I did not plan to be personally moved in the car museum and was not moved. Until the end. At the end there is a procession of presidential automobiles, sort of Motor Force One, you could say. One that TR used and with him Woodrow Wilson. FDR had a great black one. And Eisenhower, too. I think they were all Lincolns. Most of the detail, though, I forgot as I came to the 1963 version. Now topped, not convertible. Now bulletproof, not open. Now shined, black and immobile, not dusty and scuffed and moving past a grassy knoll. But right there, right blessed there.
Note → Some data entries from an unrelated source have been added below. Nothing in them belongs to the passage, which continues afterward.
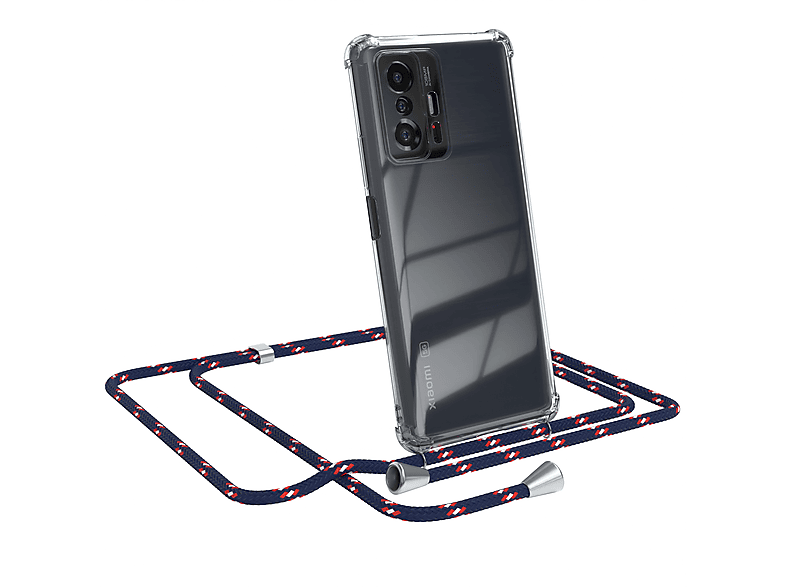 Clear Umhängeband, Camouflage 11T 11T / mit Xiaomi, Pro EAZY Silber CASE Blau Cover Umhängetasche, 5G, Clips /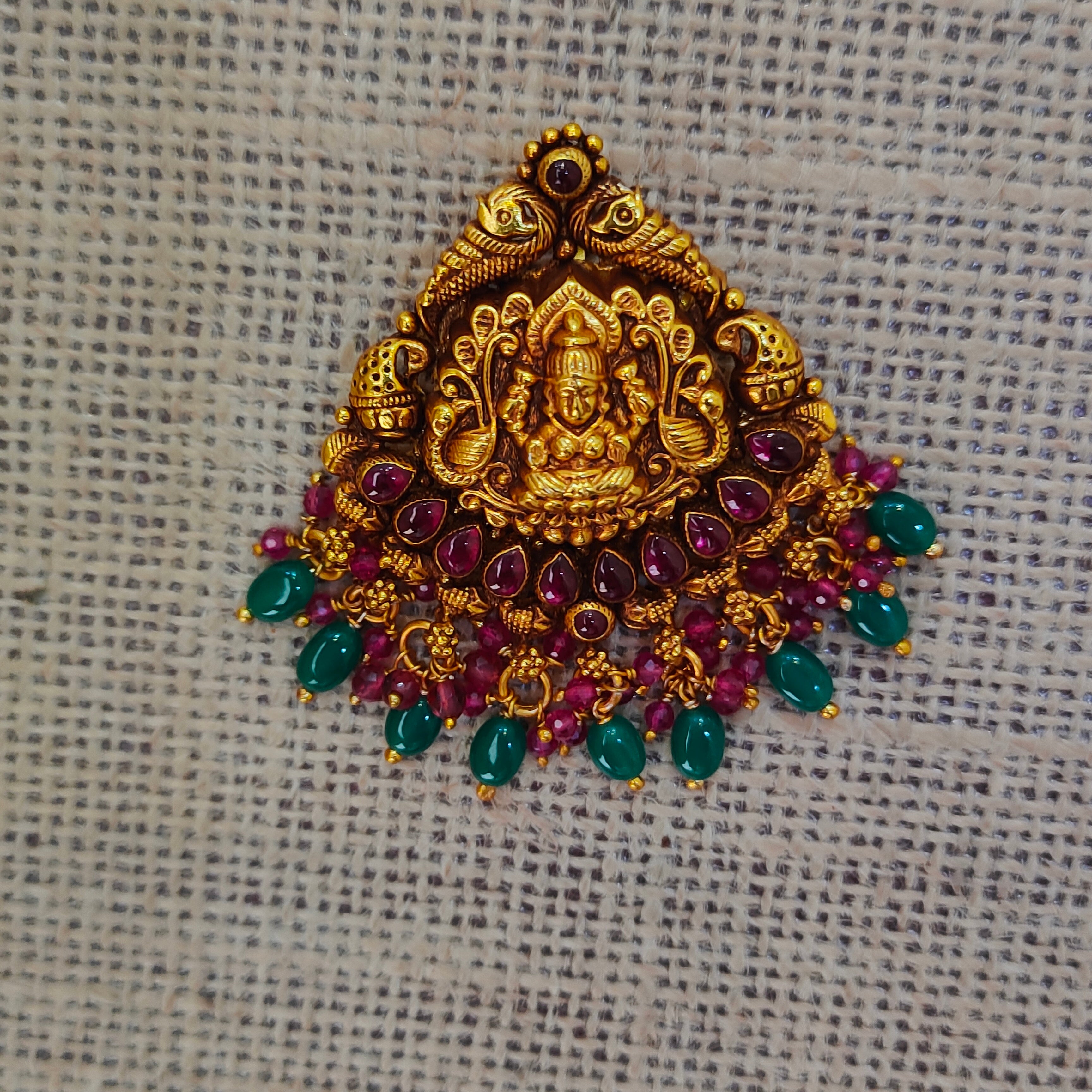 925 Silver Gold plated Nakshi Pendant-5580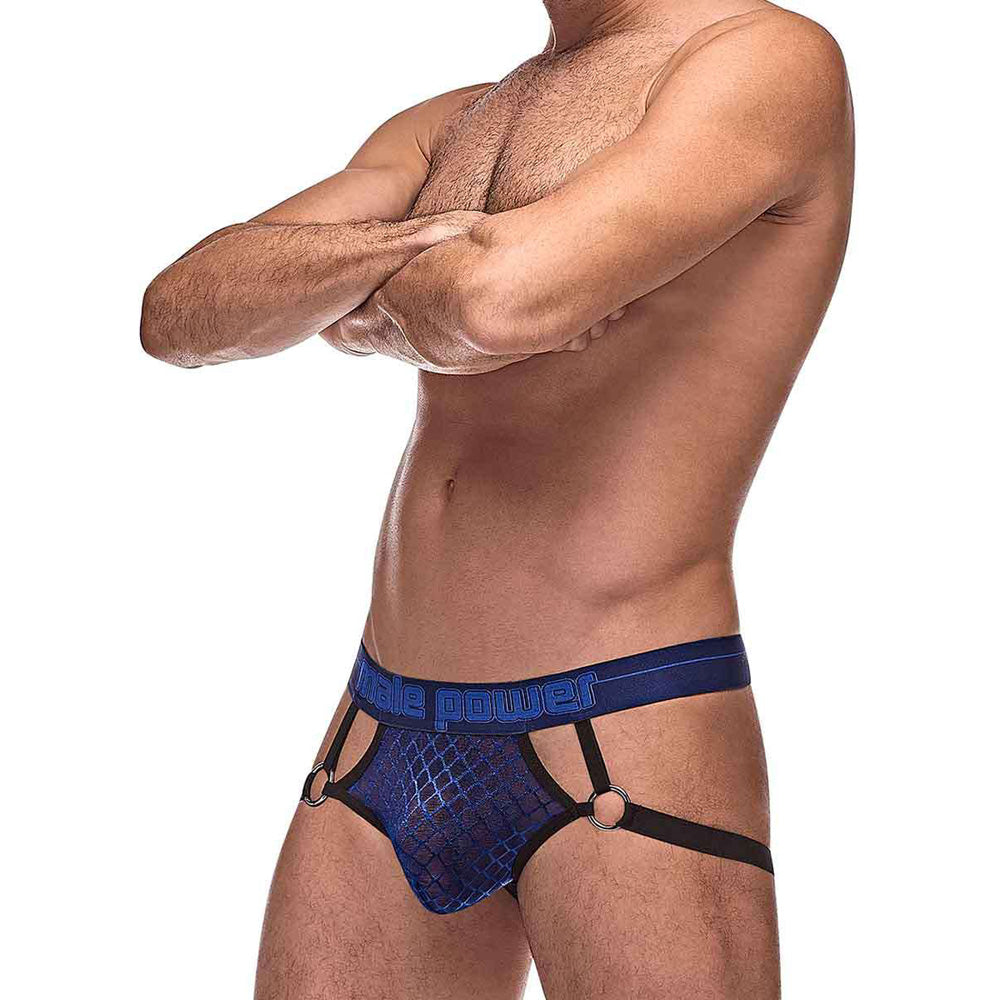 Male Power Diamond Mesh Jock Ring Navy L XL worn by a model, showcasing a stylish mesh design with a snug fit.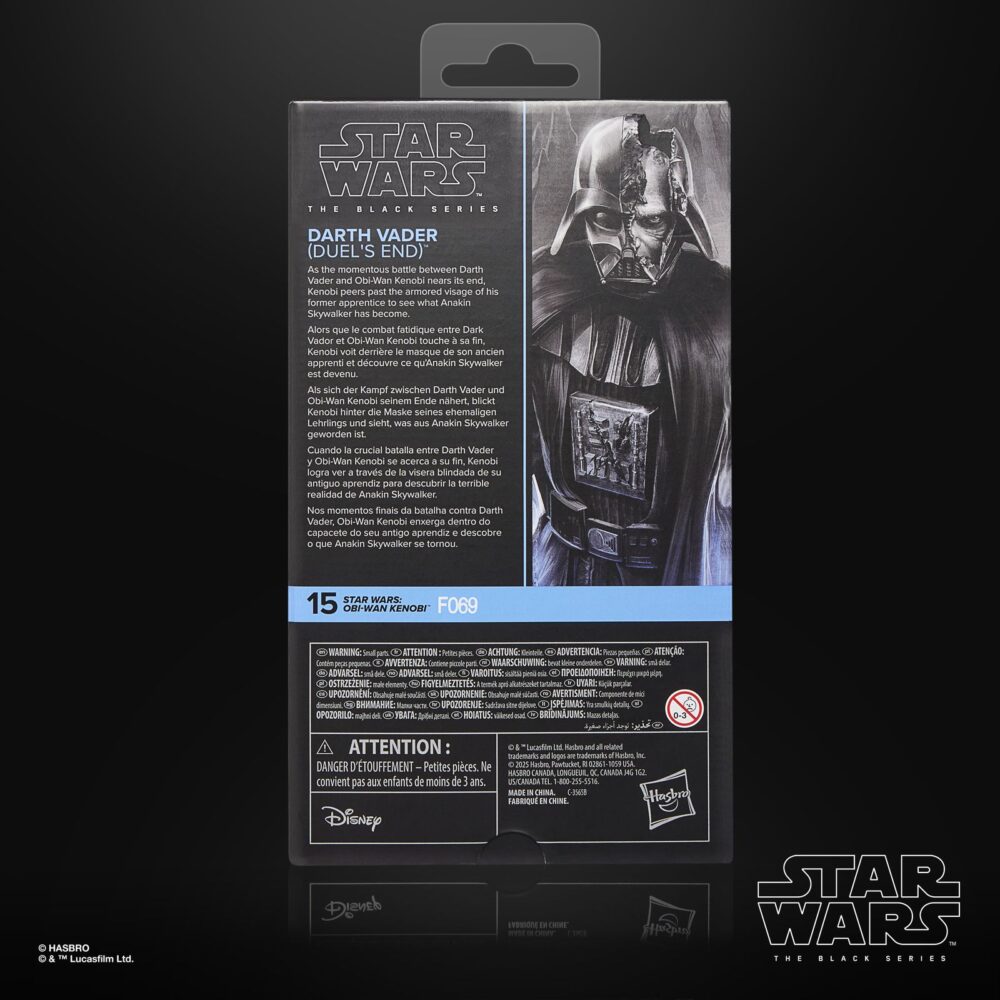 Darth vader duel’s end black series star wars. Hasbro presenta dentro de su línea the black series la figura premium de darth vader inspirada en el duelo que mantiene con obi-wan kenobi en la serie de disney+ "star wars: obi-wan kenobi". Esta figura de 15 cm reproduce con gran fidelidad el diseño del personaje con múltiples puntos de articulación. Incluye 1x sable de luz rojo y una capa de tela que permite recrear diversas poses dinámicas. Se presenta en una caja con ventana ilustrada. Unidades limitadas.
A fine, long, black 1963 Lincoln Continental, the very best of American engineering, on the best of American roads, in the best of American cities, carried the best of American leaders…to his death.
Where were you in November, 1963, 44 years ago?
2. November
These gray days, late autumn days, with shifting light and shadow—they carry an uncanny significance. Something in them. Something in the naked tree limbs, grasping empty gray. Something in the crisp air, foretaste of winter to come. Something in the constant twilight. Something of a cosmic sacrality lurks behind the dark maple limbs of November.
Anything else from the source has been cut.